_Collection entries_

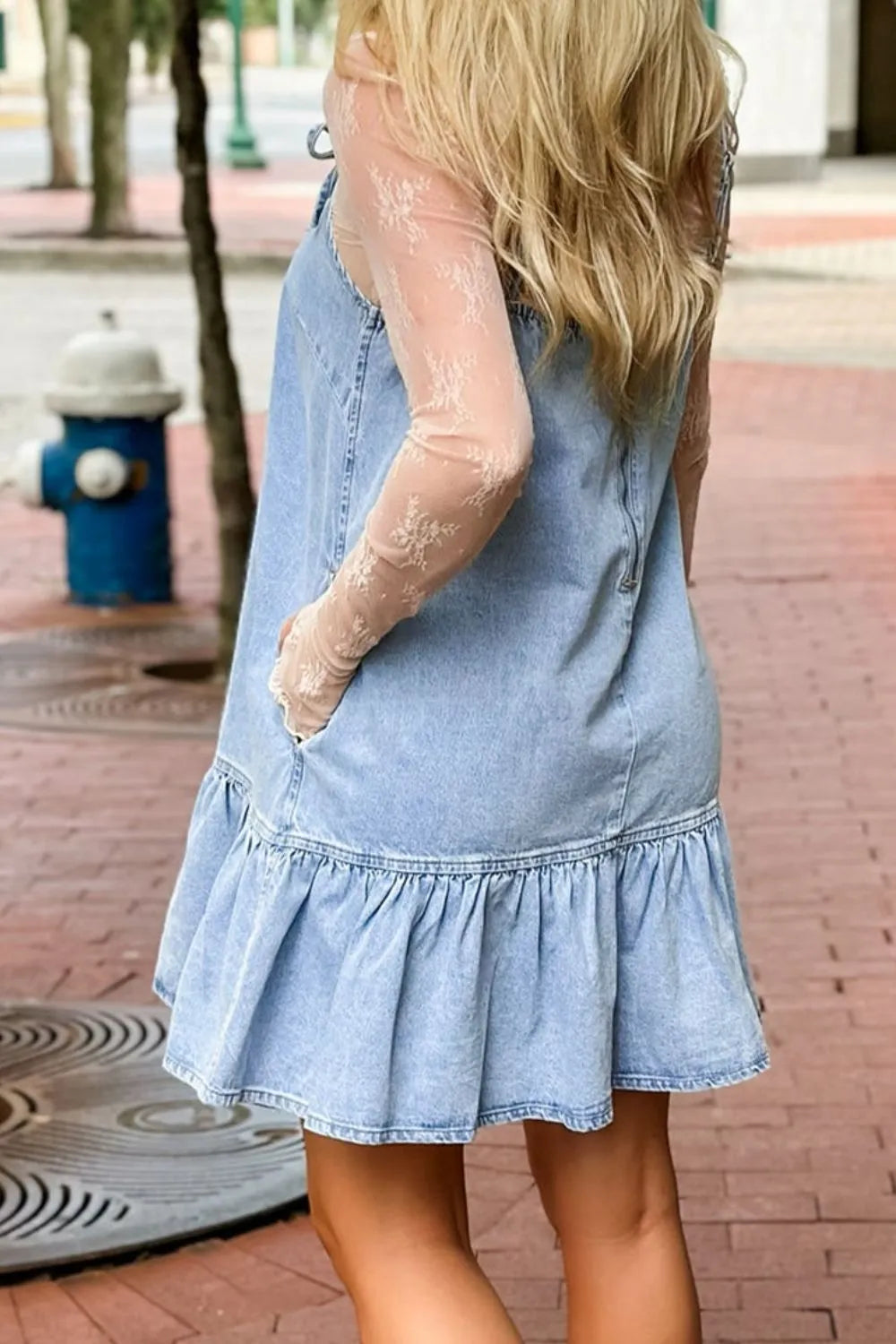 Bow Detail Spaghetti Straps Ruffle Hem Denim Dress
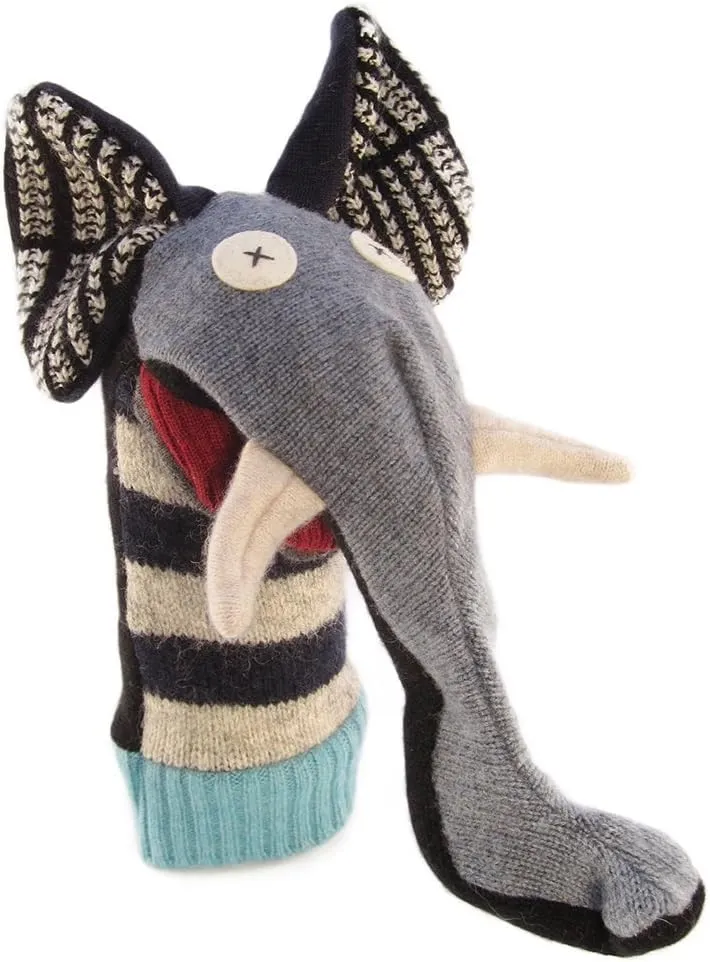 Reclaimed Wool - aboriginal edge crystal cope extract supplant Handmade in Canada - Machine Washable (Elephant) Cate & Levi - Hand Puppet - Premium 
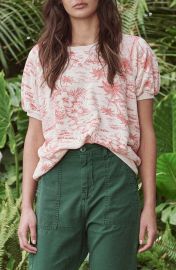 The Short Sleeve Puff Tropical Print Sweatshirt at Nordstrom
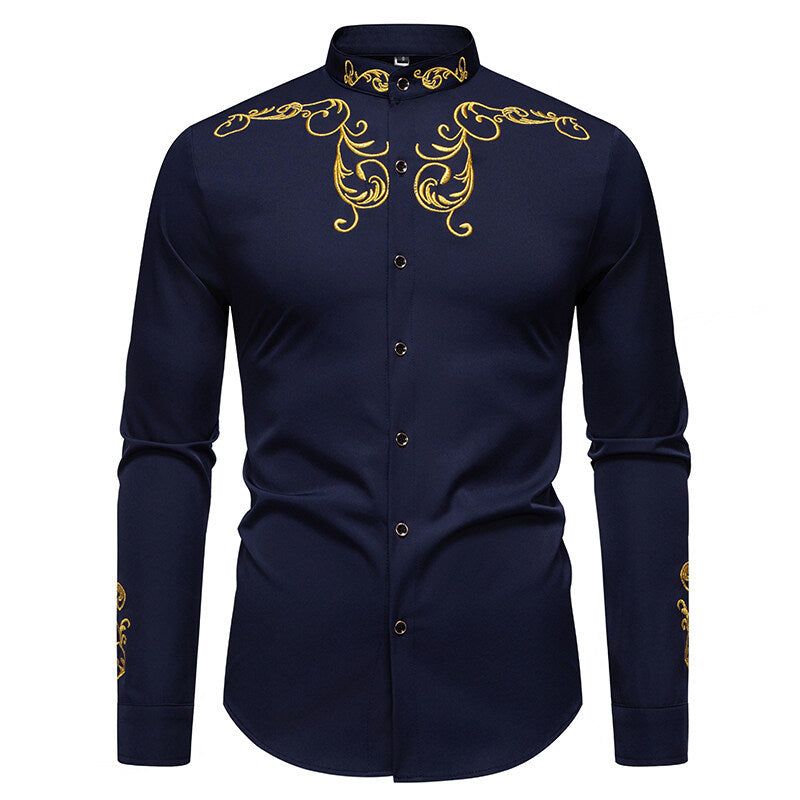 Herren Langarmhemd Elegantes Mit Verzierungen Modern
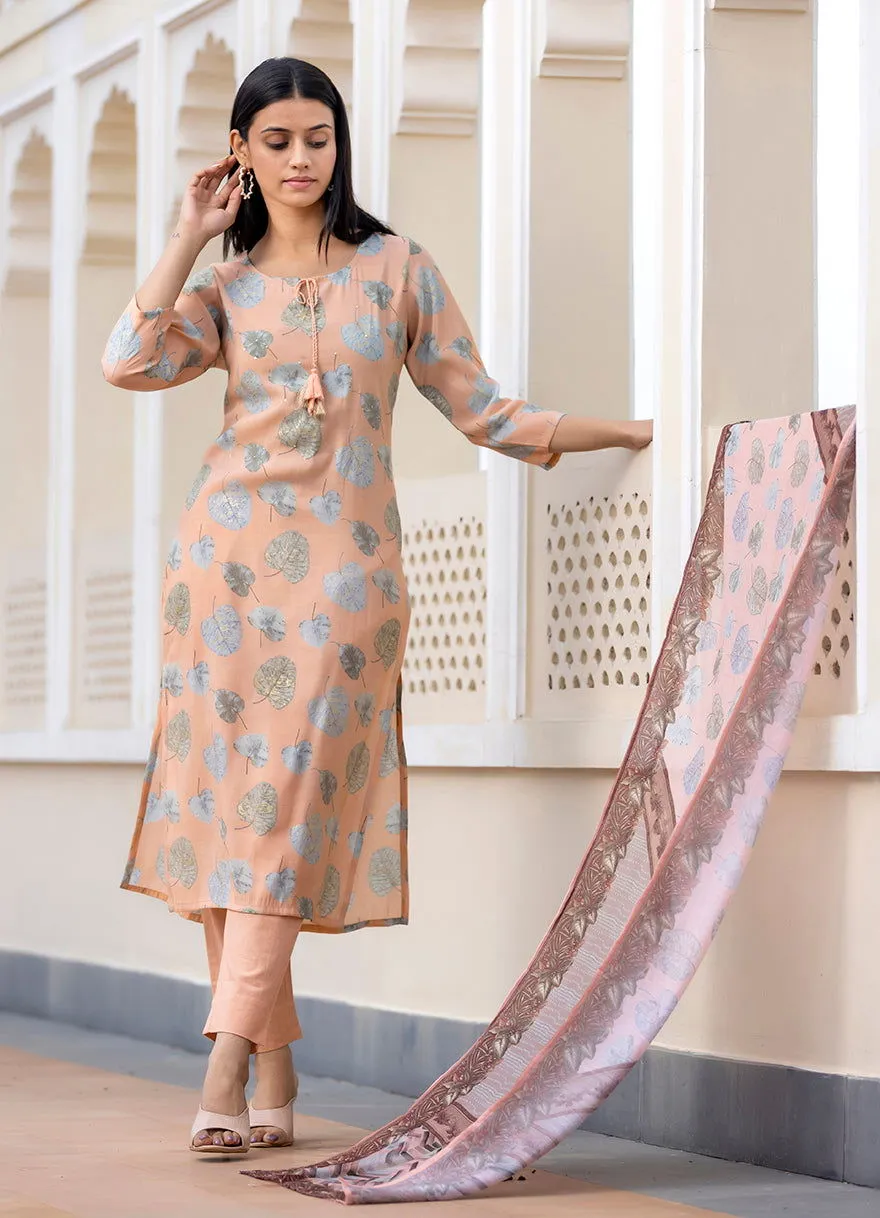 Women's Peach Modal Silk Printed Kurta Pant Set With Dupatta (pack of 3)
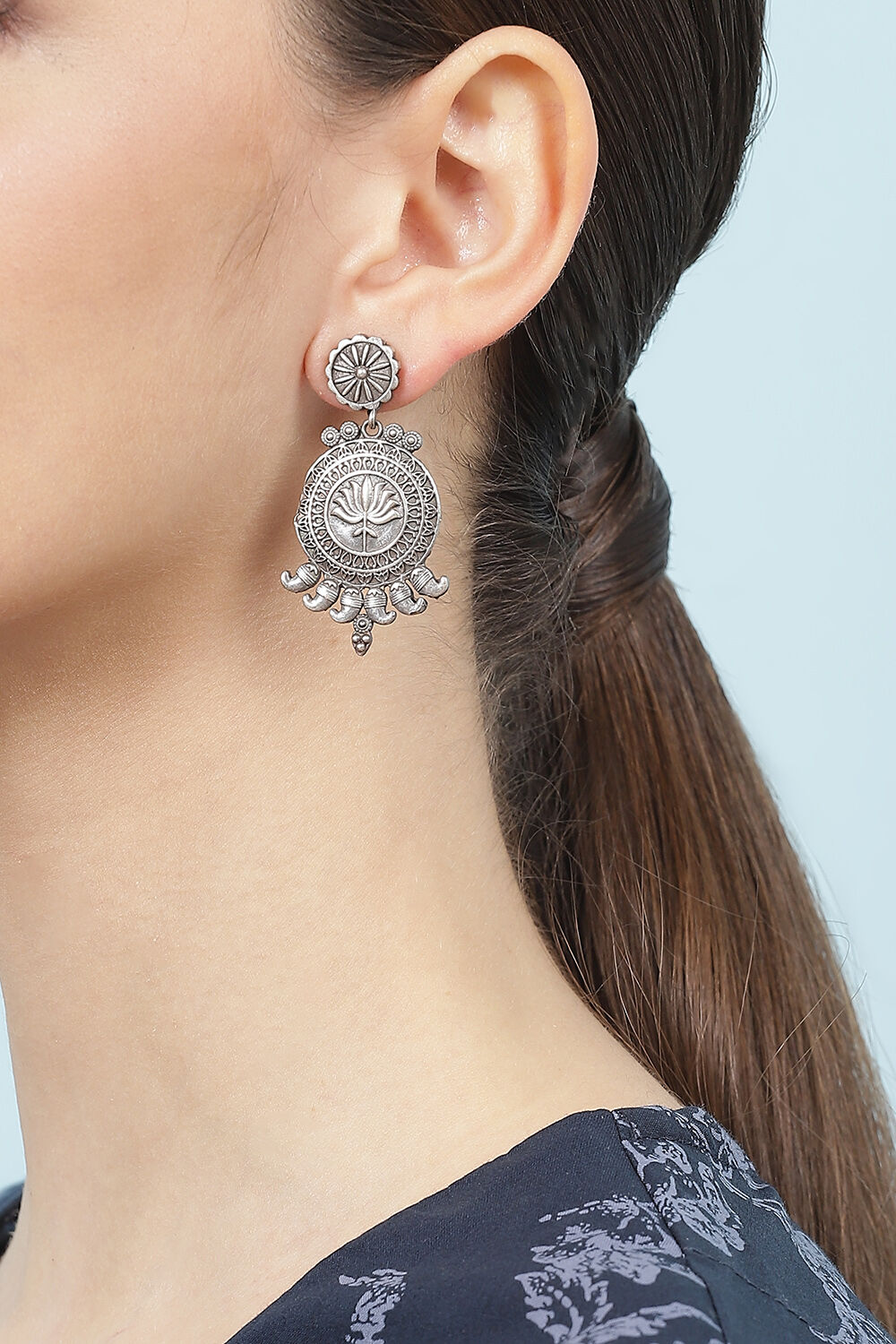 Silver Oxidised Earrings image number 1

_BRIEF_
In the records above, locate the line containing "The Short Sleeve", then copy exactly that line and every line after it through the end, omitting pictures.

_ANSWER AREA_
 The Short Sleeve Puff Tropical Print Sweatshirt at Nordstrom
 Herren Langarmhemd Elegantes Mit Verzierungen Modern
 Women's Peach Modal Silk Printed Kurta Pant Set With Dupatta (pack of 3)
 Silver Oxidised Earrings image number 1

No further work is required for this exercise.